If you get away with a few hundred, it seems reasonable. While it's hard to see exactly what was damaged, with minor repair (a few hours) like they apparently did you may have a repeat of the failure. Be gentle with the sail.

I have a "drifter" (130% light air reaching sail) that ripped along a seam from leach to luff (like your genny appears to have done) and I had it repaired two times ($140 and then $250). It failed shortly after each repair. In both repairs they re-stitched the seam that failed and put a patch on the leech a foot or so above and below the point where the seam failed.
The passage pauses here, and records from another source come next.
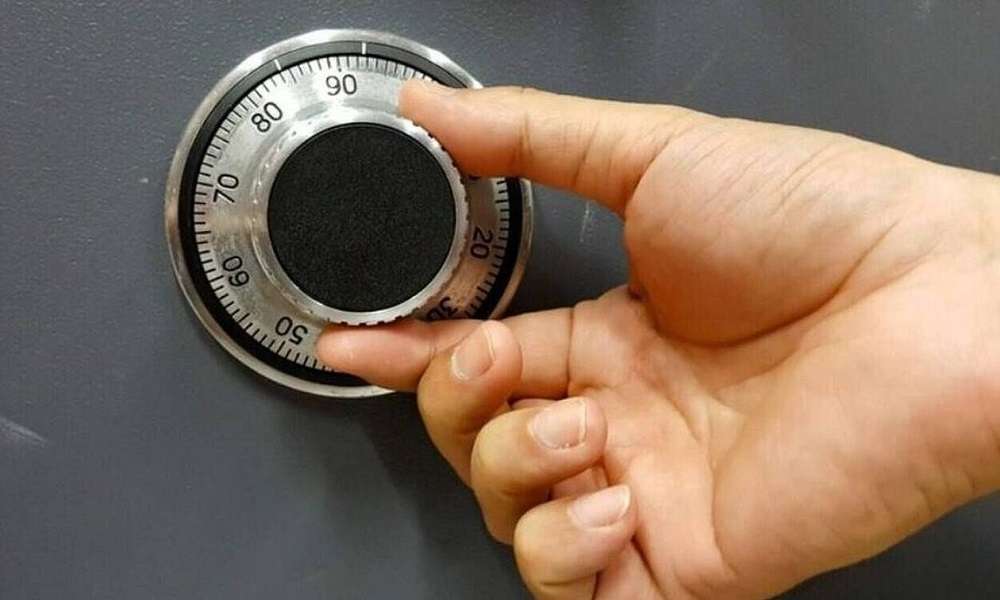 Λάρισα – 17χρονος έκλεψε το χρηματοκιβώτιο του πατριού του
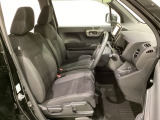 女性でも運転がしやすいように、シートの高さ調整機能(シートリフター)がついています。運転席と助手席の間が空いている為、助手席側への移動がスムーズです。交通量の多い道でも助手席側から乗り降りができます。
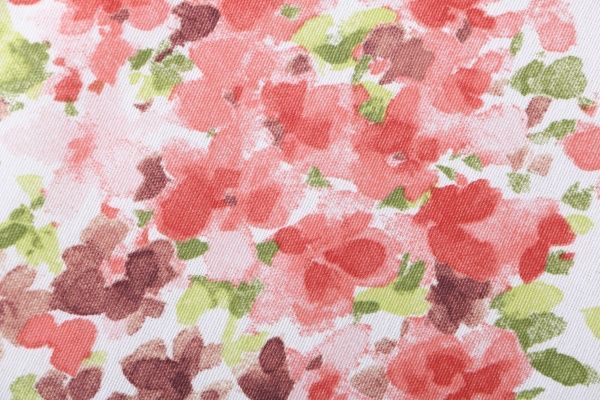 Скатерть с кантом Яркие цветы 136x180 см белый с бордовым La Nuit 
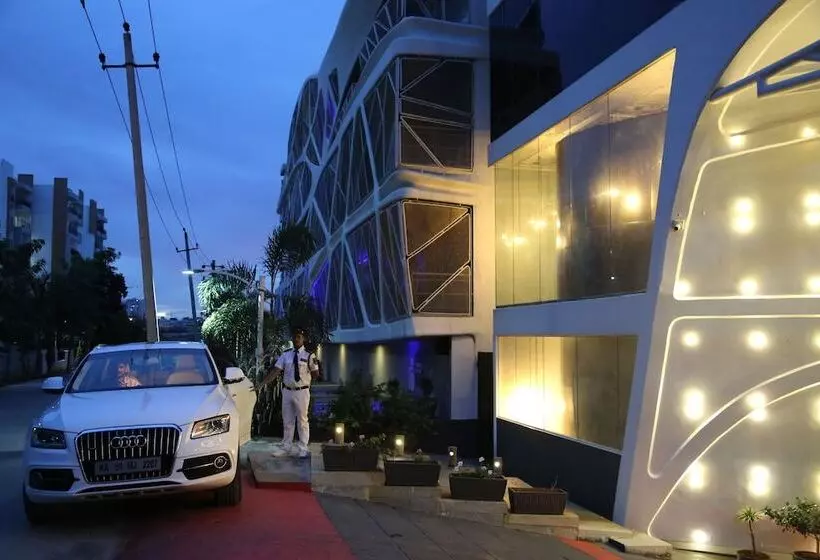 هتل Days Inn & Suites By Wyndham Bengaluru Whitefield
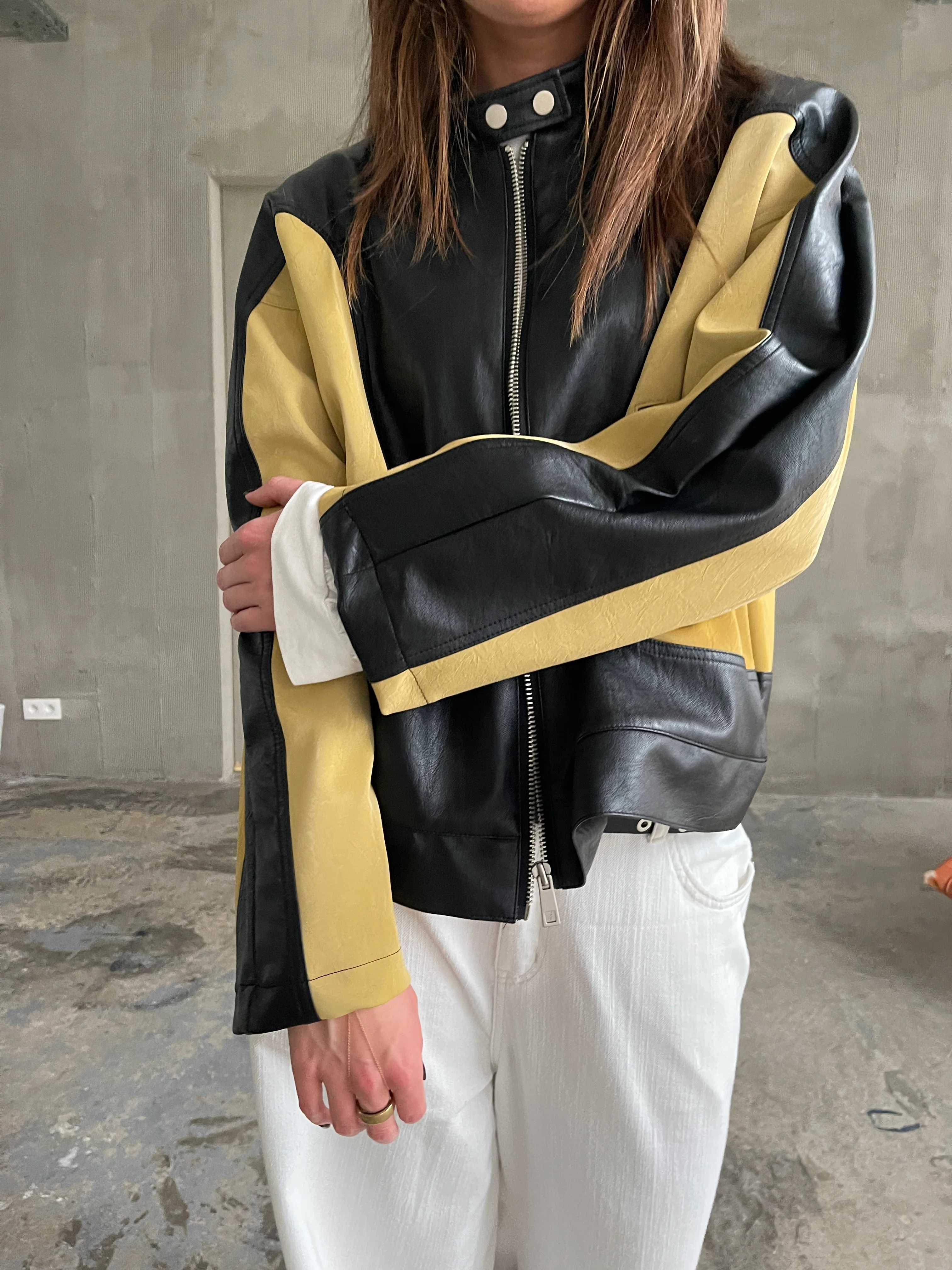 Bicolour Round Collar Jacket Camel - Image 7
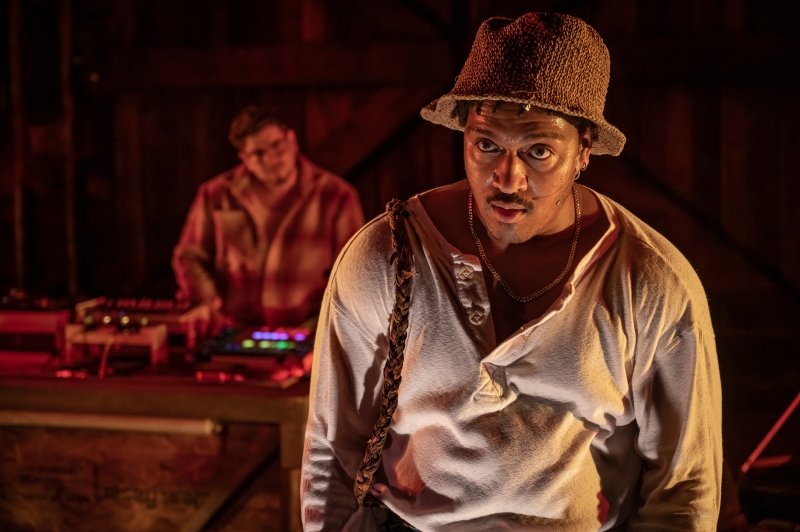 Review: MEXODUS at Mosaic Theater Company Image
Obviously, that wasn't enough to solve the problem.

The final solution (so far) was to have the leech re-built top to bottom and the seam reinforced with additional fabric. This repair was about $900, if I remember correctly. Expensive, but still a fraction of what a new sail would cost. 

In sail repairs, you often get what you pay for. Good luck with yours.


----------



## Valiente (Jun 16, 2006)

If the repair gives you two more seasons, $200 is a bargain. If it goes in the first 15 knot breeze, you've had a $200 lesson.

My point is that you haven't mentioned whether or not the amateurs warranty their work. A loft will do this in most cases, if you can prove you weren't stupid about the conditions.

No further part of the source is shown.